Heck, they don't meaningfully contain or even reference the work in question. The data stored in an NFT is usually just a hotlink to a website hosting the work Meaning anyone could download it if they had the link, and if the website goes down for any reason, so does your artwork. (Oh, and that since it's just a URL, the work itself can be altered at will by whoever controls the server)

Plus, the environmental impacts of processing blockchains are absolutely untenable.

Honestly, the values are totally artifically-inflated. Artists who are already millionaires (or billionaires) using technology that almost nobody involved in the process understands to complete million-dollar deals doesn't mean anything to us non-millionaire artists, either financially or artistically.

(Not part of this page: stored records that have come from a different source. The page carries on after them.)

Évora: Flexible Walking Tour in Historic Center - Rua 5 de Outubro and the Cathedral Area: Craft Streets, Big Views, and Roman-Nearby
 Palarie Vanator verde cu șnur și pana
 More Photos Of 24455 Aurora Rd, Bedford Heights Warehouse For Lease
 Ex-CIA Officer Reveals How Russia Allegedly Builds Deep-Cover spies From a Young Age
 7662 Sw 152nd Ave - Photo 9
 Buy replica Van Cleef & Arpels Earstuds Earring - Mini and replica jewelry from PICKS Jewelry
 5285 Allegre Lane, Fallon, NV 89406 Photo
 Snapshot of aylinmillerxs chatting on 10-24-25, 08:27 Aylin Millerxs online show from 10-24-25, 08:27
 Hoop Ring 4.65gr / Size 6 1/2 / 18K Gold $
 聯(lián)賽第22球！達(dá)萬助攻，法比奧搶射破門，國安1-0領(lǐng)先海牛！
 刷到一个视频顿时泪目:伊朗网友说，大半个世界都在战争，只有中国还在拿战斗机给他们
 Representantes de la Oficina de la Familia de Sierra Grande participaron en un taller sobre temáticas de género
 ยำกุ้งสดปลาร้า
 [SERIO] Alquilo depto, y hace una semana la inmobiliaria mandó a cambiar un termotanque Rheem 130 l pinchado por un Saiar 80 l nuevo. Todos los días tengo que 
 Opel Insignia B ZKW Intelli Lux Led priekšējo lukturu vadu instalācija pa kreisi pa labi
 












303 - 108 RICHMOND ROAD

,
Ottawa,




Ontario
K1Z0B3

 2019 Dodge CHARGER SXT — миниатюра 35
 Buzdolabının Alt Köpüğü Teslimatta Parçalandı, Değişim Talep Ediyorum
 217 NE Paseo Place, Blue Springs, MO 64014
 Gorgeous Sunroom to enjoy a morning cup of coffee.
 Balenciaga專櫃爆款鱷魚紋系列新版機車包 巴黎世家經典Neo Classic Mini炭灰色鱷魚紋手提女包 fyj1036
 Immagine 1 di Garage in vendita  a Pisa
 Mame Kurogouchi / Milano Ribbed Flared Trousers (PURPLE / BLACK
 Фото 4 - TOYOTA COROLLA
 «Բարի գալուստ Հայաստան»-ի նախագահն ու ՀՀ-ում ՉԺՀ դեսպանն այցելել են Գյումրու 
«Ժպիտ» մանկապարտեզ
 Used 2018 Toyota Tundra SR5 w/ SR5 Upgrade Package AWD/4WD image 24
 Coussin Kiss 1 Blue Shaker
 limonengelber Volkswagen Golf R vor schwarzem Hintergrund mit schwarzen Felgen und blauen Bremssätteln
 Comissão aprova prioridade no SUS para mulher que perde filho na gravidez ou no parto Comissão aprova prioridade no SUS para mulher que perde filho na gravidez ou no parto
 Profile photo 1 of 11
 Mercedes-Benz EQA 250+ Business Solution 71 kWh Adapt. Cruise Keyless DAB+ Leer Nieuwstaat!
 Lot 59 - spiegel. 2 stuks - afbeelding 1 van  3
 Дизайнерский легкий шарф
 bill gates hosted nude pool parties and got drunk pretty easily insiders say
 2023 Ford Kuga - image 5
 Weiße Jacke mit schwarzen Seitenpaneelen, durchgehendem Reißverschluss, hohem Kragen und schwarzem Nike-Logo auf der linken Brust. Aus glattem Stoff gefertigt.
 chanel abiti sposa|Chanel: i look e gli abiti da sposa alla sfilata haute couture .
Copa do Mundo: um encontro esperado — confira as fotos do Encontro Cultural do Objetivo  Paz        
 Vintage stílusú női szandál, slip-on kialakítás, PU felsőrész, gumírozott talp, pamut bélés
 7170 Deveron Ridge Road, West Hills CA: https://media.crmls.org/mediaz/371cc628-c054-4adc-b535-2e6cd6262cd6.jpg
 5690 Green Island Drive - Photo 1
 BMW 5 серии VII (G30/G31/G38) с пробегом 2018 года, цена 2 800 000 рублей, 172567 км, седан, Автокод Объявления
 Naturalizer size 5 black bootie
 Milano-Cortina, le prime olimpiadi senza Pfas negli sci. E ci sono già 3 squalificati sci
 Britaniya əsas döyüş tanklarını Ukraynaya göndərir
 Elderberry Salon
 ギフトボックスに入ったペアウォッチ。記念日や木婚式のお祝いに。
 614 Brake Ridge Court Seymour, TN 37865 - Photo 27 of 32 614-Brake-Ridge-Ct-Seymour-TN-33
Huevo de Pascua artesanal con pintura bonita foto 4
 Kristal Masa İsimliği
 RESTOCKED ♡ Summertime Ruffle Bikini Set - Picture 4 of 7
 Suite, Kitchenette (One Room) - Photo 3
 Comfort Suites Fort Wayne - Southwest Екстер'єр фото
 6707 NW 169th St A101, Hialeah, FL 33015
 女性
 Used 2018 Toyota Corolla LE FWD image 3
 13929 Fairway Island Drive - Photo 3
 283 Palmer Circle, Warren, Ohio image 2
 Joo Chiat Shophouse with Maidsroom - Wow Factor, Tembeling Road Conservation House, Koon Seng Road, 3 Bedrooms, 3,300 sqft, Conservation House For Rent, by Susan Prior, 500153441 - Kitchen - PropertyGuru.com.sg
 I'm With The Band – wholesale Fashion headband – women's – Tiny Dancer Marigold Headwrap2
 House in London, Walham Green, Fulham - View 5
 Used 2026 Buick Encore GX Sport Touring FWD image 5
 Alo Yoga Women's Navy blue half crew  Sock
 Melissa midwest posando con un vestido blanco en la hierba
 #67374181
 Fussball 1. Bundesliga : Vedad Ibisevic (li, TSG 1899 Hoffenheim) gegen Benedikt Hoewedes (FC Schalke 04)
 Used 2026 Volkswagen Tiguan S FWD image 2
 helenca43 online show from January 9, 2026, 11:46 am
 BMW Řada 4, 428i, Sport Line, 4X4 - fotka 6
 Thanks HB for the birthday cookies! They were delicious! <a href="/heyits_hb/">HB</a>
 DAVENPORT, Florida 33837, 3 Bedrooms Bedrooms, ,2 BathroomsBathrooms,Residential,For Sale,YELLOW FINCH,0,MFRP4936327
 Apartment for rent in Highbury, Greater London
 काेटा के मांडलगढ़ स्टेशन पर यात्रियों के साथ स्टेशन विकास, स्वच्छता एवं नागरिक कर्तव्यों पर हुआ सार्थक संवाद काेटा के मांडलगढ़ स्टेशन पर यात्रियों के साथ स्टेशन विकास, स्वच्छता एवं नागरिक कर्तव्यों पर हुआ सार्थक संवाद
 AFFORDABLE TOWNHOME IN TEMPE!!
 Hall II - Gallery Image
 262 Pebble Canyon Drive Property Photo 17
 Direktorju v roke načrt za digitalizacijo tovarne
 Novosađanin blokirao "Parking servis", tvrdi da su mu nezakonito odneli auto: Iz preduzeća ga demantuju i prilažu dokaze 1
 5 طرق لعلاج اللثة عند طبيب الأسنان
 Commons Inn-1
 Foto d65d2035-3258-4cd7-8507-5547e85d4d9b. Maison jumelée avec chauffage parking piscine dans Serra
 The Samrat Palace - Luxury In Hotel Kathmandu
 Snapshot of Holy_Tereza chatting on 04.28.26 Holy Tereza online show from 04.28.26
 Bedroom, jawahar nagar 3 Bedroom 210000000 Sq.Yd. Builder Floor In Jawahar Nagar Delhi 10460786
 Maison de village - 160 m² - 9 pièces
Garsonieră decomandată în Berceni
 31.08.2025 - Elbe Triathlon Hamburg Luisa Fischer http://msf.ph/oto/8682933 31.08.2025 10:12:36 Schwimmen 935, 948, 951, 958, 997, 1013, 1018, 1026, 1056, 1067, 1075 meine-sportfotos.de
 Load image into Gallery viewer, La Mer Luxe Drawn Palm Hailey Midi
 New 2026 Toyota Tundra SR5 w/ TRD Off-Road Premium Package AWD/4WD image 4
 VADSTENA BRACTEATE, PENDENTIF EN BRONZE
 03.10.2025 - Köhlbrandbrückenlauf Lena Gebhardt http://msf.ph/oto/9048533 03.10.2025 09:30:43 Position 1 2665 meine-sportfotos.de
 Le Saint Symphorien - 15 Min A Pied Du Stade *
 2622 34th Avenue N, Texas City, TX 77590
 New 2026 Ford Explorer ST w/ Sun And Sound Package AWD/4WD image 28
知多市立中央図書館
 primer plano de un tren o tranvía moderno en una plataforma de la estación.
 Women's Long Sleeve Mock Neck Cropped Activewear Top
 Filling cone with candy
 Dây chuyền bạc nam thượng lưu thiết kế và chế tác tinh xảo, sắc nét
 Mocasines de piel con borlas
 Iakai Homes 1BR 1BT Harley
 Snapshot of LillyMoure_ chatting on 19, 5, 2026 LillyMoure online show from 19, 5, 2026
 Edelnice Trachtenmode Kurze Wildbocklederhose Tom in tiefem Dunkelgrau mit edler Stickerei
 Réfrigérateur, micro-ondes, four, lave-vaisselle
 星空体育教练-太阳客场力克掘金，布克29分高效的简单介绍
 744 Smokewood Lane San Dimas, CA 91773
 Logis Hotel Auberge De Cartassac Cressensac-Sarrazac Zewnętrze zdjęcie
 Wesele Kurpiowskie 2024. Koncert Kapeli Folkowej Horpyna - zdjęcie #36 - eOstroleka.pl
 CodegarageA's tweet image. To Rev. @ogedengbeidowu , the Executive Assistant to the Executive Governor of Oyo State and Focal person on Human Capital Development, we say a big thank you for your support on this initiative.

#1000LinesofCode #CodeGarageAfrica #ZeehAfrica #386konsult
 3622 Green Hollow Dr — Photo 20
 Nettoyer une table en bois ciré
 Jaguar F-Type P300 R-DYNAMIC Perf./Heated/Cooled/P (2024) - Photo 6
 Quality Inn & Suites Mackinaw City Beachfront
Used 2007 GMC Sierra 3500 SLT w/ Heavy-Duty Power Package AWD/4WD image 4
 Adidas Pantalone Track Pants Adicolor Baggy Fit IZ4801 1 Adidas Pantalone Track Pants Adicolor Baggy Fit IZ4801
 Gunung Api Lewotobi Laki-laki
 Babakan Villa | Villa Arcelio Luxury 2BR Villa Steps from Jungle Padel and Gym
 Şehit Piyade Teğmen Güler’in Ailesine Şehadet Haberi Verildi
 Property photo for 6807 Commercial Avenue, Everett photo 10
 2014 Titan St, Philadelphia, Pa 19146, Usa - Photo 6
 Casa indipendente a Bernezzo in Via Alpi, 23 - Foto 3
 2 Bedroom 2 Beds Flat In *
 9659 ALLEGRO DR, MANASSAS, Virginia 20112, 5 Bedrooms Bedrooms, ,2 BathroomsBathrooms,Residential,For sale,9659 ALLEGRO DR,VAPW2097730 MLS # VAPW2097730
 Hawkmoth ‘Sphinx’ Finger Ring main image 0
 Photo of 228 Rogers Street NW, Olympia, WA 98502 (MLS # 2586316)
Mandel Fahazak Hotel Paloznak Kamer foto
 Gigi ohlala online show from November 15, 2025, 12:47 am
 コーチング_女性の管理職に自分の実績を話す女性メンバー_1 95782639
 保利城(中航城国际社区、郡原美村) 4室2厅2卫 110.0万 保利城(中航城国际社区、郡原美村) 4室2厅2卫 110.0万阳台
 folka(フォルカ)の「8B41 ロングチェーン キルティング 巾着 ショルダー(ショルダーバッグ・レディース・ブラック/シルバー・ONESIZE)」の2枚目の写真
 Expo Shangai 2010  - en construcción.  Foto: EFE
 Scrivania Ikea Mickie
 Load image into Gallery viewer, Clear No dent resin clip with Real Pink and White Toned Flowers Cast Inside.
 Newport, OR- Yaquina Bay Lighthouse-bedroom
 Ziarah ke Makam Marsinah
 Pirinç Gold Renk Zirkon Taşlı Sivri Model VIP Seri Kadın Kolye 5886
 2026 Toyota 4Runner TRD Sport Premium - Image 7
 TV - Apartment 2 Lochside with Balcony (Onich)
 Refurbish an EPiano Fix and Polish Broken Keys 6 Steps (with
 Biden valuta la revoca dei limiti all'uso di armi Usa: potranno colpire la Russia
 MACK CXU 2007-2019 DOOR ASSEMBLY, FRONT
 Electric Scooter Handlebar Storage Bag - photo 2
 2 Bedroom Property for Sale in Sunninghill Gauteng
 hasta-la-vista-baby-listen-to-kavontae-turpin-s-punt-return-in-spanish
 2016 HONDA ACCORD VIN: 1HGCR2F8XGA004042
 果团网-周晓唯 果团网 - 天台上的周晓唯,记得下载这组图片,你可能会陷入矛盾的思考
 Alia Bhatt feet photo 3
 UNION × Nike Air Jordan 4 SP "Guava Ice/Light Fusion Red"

If you want to have the idea of artificial scarcity in the era of digital art, just do what Wu Tang did: only make one copy and sell it for more money.
 
with all these things, it relies on having something, that has a value to somebody else. If you are the Kings of Leon - maybe it would work, but I can't see the average consumer interested in this like they're not interested in bitcoin. Even worse, when people do make money from royalties without being famous, it's a happy accident - and only the foolish plan for it!
 
People do and spend crazy money on stuff just to say they have it. If you have enough money to pay $1,000,000 to "own" a digital song, great. A $12 CD is plenty for me.
 
Plus, the environmental impacts of processing blockchains are absolutely untenable.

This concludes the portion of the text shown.